Eat me. Despite the fact that LSD was first synthesized a good seven decades after Lewis Carroll’s iconic and bizarre children’s book was published in 1865, evidently Jefferson Airplane and the Beatles so effectively married Wonderland to psychedelic experience that even I occasionally speculate  that Albert Hofmann rode back in time on Bicycle Day to dose the youngster who inspired the character Alice. Then Carroll — literary pirate and possible pedophile? — documented her initial trip plus a later flashback which he called Through the Looking-Glass. Now there’s a play! But it is not this one, so enough nonsense.

Alice and the MKULTRA Experiment is more accurately described thusly: Imagine you went to see The Bourne Identity in an alternate universe, where Doug Liman — who directed Identity as well as contemporary American masterpiece Mr. & Mrs. Smith — was actually an avant-garde theater director. Suppose the whole joint went down inside a room of wall-to-wall black in Mad Men-era San Fran, and the amnesiac-assassin protagonist was not 30-something cutie Bourne, but college-aged cutie Britney (Monique Sleeper). Like Bourne, the personality of this forgetful robo-killer was deconstructed and reprogrammed by a clandestine government-affiliated program; in Britney’s case, though, rape, high doses of LSD, and an encouraged identification with Carroll’s Alice help accomplish a memory wipe she didn’t volunteer for. The scientists (Deborah Basham-Burns and Chris Fleming) responsible for Brit-brit’s transformation don’t bother to train her up with mad spy-type skills — who needs ’em to ensnare a target when you’re packing snatch in your girly mini-dress and being specially groomed for “Operation Midnight Climax”?

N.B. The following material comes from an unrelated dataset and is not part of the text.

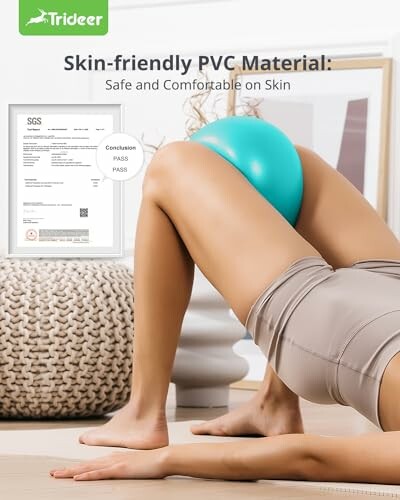 Woman using exercise ball for workout with safety certification.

That’s right: Britney is coerced into becoming a murdering whore in knee socks. Like the visual or not, MKULTRA playwright Chris Manley found his way of tapping into the resonant notion of Alice-as-cautionary-tale: A few naïve choices on a jocular night out, ladies, and there’s no going home again. When the play begins, Britney and her best friend, Chelsea (Ashley Pulido), are just a few libations and a blackout away from kidnapping. Handled with any less care by directors Manley and Jessie Rose, this could read like victim-blaming — i.e. “those chicks were asking for trouble.”

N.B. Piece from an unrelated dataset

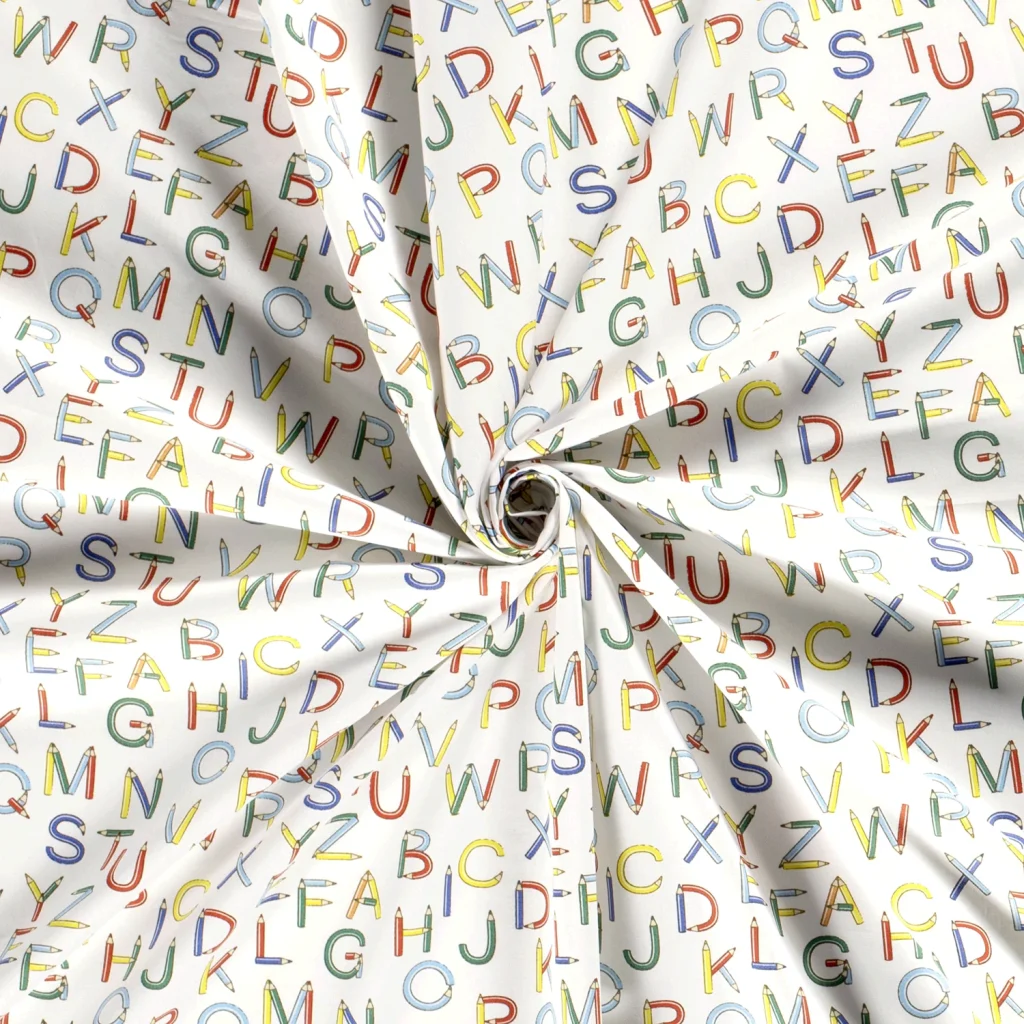 Tissu Coton Popeline Imprimé Alphabet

“Trouble” is too timid a word for the ego death and/or schizophrenia government scientists Dr. Mueller and Dr. Sid aspire to achieve in their unwilling subjects. Indeed, Britney’s consciousness is essentially torn from her physical person. During her recurring acid-induced hallucinations, which she calls “Wonderland” — conjured at the Rose by colorful, compelling stage-wide projections of cartoons and melting celluloid-like images — Britney meets with friends such as Rabbit (Jon Smith — twitchy, scary, fabulous) and carelessly arches herself this way and that like a sunning seal, smiling and laughing. Meanwhile, back in the “real world,” her vacant fembot body endures torture and learns to seduce and destroy on command to the great delight of Dr. Mueller, who is — though played with a concealing amount of control by Basham-Burns — a seriously deranged old fetishistic German pervert if I ever saw one.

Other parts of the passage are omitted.